We all have to stay up to date and ensure we have the latest and greatest apps and gear installed. That is the 'Tech' rally cry these days. For to ensure we are up to date and our software is patched to the latest release, is to ensure our safety. But at the end of the day just how much does it cost us?
As I am sure most readers would be aware of, our economy is not doing so great these days. The cost of items, especially in the professional technical realm have doubled since 5 years ago, easily. We are also facing a society where the generation entering the workforce are people who lack any real motivation to work hard and put thought into what they are doing. Let's face it, the Millennials and Gen Z both were raised in a society where it was normal for them to rely on computers and the internet for knowledge and learning. Compare their work ethics with generations who were raised to work in the real world, and learn with their hands, and you can easily see the difference.
There are so many ways I could spin this post, but I wanted to touch on a recent example. Ah yes, the fare box. At one time, a simple mechanism, which was sometimes just a clear box which you would deposit a token into. A bus driver would see this and allow you entry. Simple. There are also versions which would take a token, and using a weighted mechanism, the token would then unlock a turnstile and allow someone entry into, let's say a subway station. It is amazing how simple this is, and that it actually worked fairly reliably over the years. It never really needed a software update. Maybe some general cleaning and maintenance on the mechanism was needed, but that was it.
Now sure, you could have some advanced machines that could dispense tokens. You could buy them with credit cards on said machines, or with cash. But in the end, the token would be what allowed you entry. I experienced this on the TTC, and it was wonderful. Eventually however people wanted Monthly Passes. So we needed a separate system just for the monthly passes, or you go to the ticket collector, and show them to allow you entry.

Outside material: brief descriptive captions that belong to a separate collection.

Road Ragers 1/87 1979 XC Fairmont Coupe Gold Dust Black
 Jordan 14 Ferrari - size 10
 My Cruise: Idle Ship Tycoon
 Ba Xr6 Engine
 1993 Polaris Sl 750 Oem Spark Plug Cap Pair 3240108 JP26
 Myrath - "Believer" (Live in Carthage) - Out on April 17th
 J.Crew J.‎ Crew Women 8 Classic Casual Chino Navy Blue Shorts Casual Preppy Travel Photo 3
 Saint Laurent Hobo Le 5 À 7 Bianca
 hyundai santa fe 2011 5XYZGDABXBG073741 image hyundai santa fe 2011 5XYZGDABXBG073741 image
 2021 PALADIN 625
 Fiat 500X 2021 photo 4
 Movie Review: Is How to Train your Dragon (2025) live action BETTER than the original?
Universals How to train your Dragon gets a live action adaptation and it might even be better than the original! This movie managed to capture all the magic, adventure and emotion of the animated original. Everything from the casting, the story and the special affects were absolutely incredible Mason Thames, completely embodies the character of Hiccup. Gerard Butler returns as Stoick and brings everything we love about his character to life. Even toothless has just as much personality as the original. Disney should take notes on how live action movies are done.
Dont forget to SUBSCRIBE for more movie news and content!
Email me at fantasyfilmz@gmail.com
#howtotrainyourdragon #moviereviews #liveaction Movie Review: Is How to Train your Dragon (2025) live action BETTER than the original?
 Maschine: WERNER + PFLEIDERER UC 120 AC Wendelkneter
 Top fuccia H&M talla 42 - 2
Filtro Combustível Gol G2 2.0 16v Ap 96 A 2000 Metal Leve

But we now have a system which costs surely thousands of dollars more per gate, and each gate is running an operating system. And each device in the gate requires firmware, be it the control system PLC, or the card reader or the visual scanner. And that all has to be kept up to date! So of course reliability suffers. And for what benefit? So we could easily track people on a spreadsheet? So we can instantly have accounting data on revenue? The benefits really outweigh the frustrations. Now I watch people with passes who stand there and attempt to access the fare gate for a minute or two before the gate finally opens - or maybe it doesn't open. And to think of the money spent on this system, and the years of R&D and implementation, and it still sucks. When a simple turnstile with token slots, or even a card punch system, and a ticket taker in a booth, would work just as easily.
Nah, technology isn't all it is cracked up to be. Often we find the old ways are the more foolproof and reliable ways.